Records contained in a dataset

━━━━━━

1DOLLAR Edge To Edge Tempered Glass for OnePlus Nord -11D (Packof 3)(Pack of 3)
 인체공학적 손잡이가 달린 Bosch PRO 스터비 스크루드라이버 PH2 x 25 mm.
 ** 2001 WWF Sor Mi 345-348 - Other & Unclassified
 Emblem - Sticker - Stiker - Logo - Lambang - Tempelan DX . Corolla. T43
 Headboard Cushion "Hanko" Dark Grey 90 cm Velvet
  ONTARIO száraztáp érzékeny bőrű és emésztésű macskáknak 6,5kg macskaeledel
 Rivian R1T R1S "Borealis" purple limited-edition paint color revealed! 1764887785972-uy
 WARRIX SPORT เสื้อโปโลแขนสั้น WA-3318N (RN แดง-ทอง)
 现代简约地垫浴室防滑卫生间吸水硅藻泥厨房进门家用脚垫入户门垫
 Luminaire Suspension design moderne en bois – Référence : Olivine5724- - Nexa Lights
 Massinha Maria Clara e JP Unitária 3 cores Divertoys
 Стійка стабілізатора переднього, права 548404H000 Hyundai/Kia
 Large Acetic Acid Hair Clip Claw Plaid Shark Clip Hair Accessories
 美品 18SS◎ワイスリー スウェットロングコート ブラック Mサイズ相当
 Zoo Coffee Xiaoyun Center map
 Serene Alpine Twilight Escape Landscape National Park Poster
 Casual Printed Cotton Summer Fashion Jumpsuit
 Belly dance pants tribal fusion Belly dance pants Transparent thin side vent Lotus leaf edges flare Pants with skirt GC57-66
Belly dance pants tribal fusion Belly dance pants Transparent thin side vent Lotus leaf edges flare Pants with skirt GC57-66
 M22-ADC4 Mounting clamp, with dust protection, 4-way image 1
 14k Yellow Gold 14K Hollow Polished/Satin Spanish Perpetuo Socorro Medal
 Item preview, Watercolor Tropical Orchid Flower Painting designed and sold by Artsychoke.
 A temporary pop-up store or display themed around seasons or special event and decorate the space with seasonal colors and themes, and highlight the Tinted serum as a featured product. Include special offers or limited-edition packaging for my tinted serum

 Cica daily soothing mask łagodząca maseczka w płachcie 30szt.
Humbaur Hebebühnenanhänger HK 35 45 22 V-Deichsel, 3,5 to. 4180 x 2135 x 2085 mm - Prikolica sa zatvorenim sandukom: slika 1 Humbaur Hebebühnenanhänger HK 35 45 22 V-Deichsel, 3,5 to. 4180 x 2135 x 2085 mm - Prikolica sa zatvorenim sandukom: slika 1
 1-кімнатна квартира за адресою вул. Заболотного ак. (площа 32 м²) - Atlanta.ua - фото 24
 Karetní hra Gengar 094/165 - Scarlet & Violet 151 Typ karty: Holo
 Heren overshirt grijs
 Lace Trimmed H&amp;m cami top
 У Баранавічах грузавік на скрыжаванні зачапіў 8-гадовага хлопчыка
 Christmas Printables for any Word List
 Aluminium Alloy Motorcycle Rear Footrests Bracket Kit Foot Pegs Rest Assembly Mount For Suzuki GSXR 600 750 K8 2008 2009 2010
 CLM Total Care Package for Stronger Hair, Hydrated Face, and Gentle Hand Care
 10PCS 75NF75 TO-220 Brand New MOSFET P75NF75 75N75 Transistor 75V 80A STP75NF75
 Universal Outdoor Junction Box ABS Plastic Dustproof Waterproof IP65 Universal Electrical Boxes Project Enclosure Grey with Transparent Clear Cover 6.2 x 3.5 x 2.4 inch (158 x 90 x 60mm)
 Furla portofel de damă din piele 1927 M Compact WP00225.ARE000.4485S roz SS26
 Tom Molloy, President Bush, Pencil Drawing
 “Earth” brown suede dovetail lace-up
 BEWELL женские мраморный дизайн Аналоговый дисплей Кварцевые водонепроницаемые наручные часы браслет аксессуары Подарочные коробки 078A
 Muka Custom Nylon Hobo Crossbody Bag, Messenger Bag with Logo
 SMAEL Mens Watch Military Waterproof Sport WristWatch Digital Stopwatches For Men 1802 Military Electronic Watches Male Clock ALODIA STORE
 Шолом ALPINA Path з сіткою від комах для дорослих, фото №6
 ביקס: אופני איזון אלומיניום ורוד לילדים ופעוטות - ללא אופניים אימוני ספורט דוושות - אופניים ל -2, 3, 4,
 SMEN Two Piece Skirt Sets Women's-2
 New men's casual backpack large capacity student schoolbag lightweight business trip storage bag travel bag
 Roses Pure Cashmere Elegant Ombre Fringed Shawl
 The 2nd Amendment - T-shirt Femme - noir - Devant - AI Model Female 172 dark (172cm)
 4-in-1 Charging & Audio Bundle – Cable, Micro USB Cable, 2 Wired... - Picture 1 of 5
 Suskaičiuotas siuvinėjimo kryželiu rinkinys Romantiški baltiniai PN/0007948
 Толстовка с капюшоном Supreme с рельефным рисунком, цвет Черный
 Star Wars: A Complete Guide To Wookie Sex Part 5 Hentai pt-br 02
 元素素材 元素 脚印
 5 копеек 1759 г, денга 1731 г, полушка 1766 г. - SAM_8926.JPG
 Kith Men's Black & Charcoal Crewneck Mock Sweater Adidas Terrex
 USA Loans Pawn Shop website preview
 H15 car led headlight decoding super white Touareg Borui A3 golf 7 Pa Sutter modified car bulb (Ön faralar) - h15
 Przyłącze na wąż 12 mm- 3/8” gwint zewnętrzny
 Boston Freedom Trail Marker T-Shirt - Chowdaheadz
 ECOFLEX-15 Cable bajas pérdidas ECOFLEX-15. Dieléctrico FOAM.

━━━━━━

* WHAT THE TASK ASKS *
Report, from the entries above, each line where "Transparent" is found.

* ANSWER SECTION *
 Belly dance pants tribal fusion Belly dance pants Transparent thin side vent Lotus leaf edges flare Pants with skirt GC57-66
Belly dance pants tribal fusion Belly dance pants Transparent thin side vent Lotus leaf edges flare Pants with skirt GC57-66
 Universal Outdoor Junction Box ABS Plastic Dustproof Waterproof IP65 Universal Electrical Boxes Project Enclosure Grey with Transparent Clear Cover 6.2 x 3.5 x 2.4 inch (158 x 90 x 60mm)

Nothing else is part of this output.